[[ INFORMATION SUPPLIED open ]]

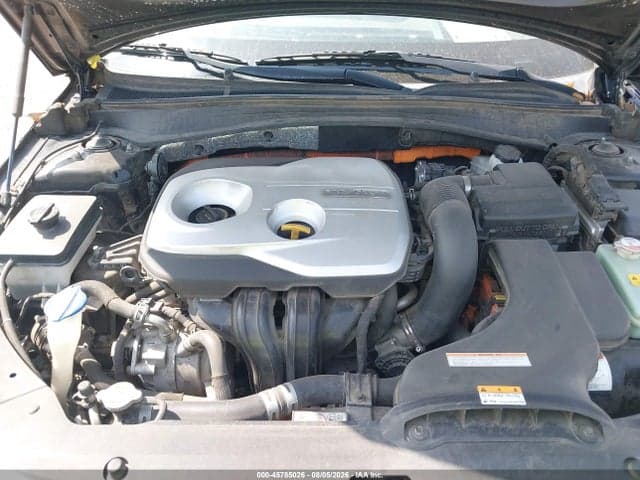 2017 KIA OPTIMA PLUG-IN HYBRID EX 10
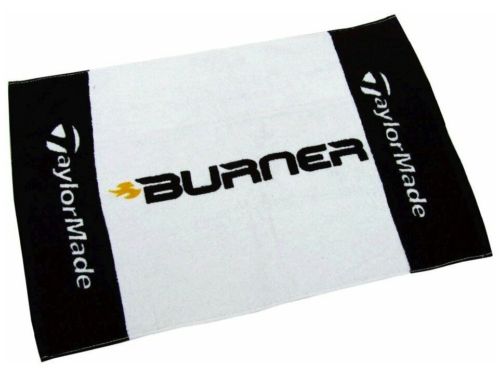 BRAND NEW! Taylormade Burner Golf/Cart Towel 15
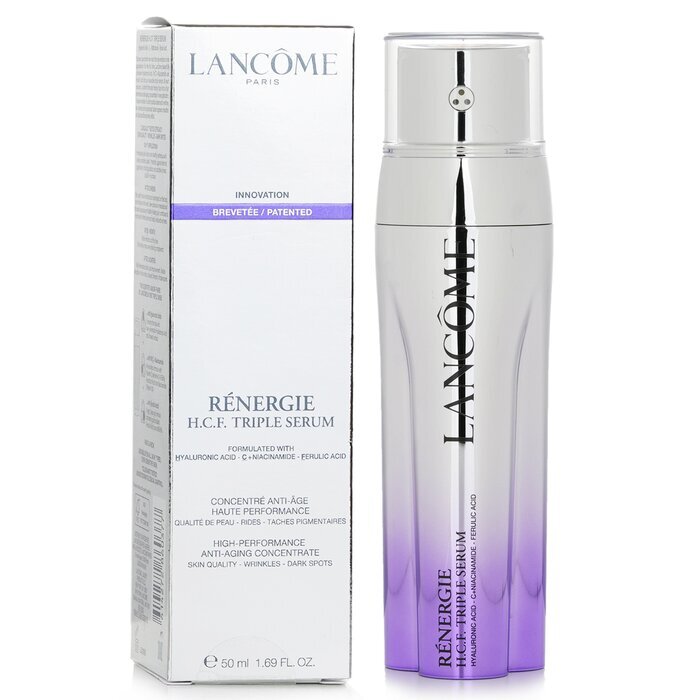 Lancome Renergie HCF Triple Serum – Hochleistungs-Anti-Aging-Konzentrat 50 ml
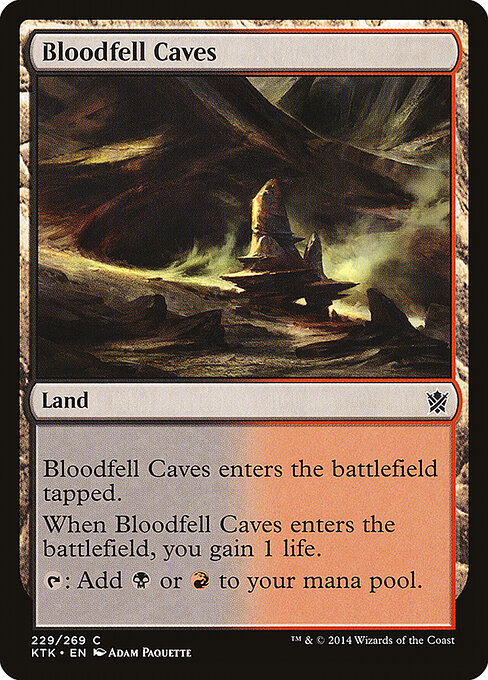 Bloodfell Caves 229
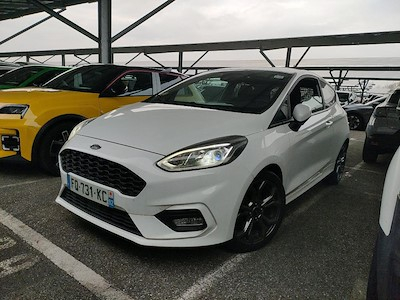 Achetez FORD FIESTA sur Ayvens Carmarket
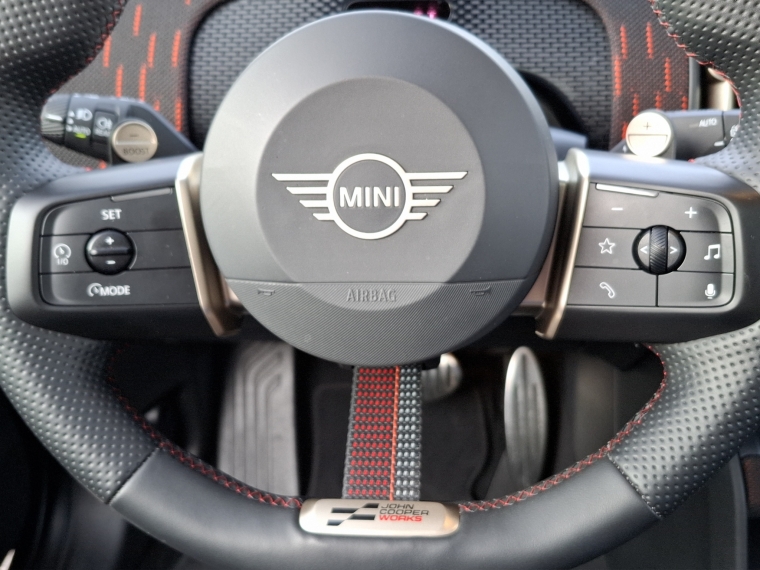Mini Cooper Jcw Countryman 4x4 2.0 Aut 2025 Usado Usado en BMW Premium Selection Mini Cooper Jcw Countryman 4x4 2.0 Aut 2025 Usado Usado en BMW Premium Selection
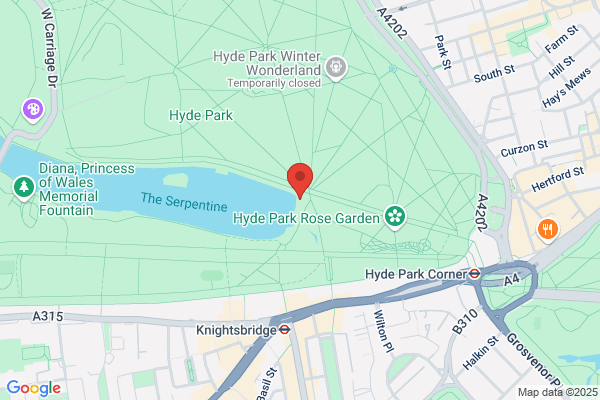 Restaurant Stettlers Hyde Park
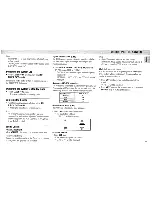 Предварительный просмотр 15 страницы Philips/Magnavox FW380C User Manual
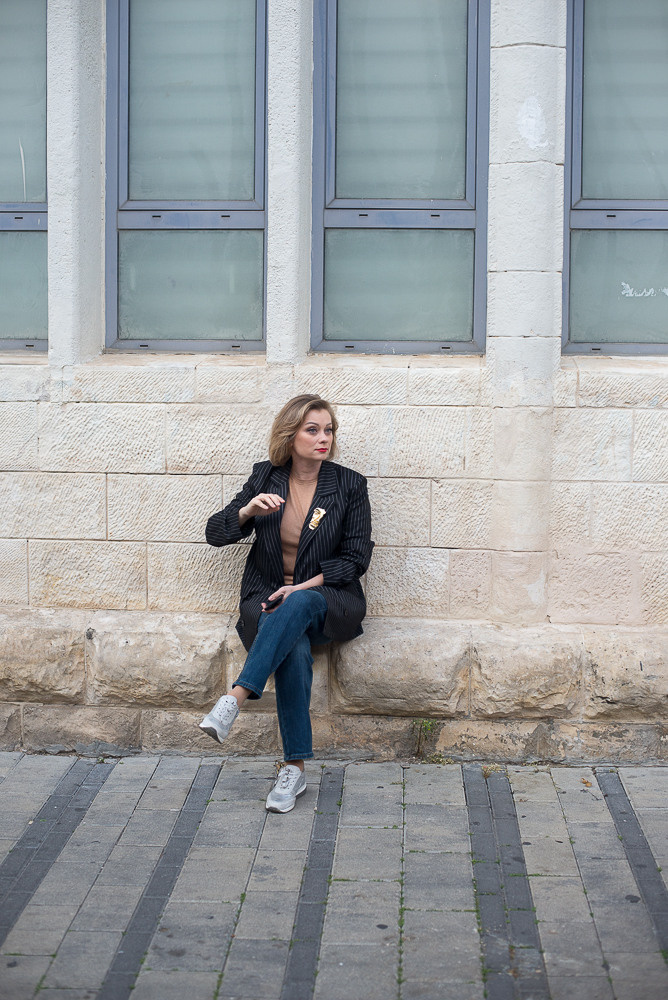 Бизнес-Коуч — Юлия Гительман. Визуальный брендинг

[[ INFORMATION SUPPLIED closed ]]

Reproduce the records above exactly, but only from the line with "Lancome Renergie HCF" up to and including the line with "Achetez FORD FIESTA sur Ayvens Carmarket". Leave the pictures out.

PROBLEM SOLUTION:
 Lancome Renergie HCF Triple Serum – Hochleistungs-Anti-Aging-Konzentrat 50 ml
 Bloodfell Caves 229
 Achetez FORD FIESTA sur Ayvens Carmarket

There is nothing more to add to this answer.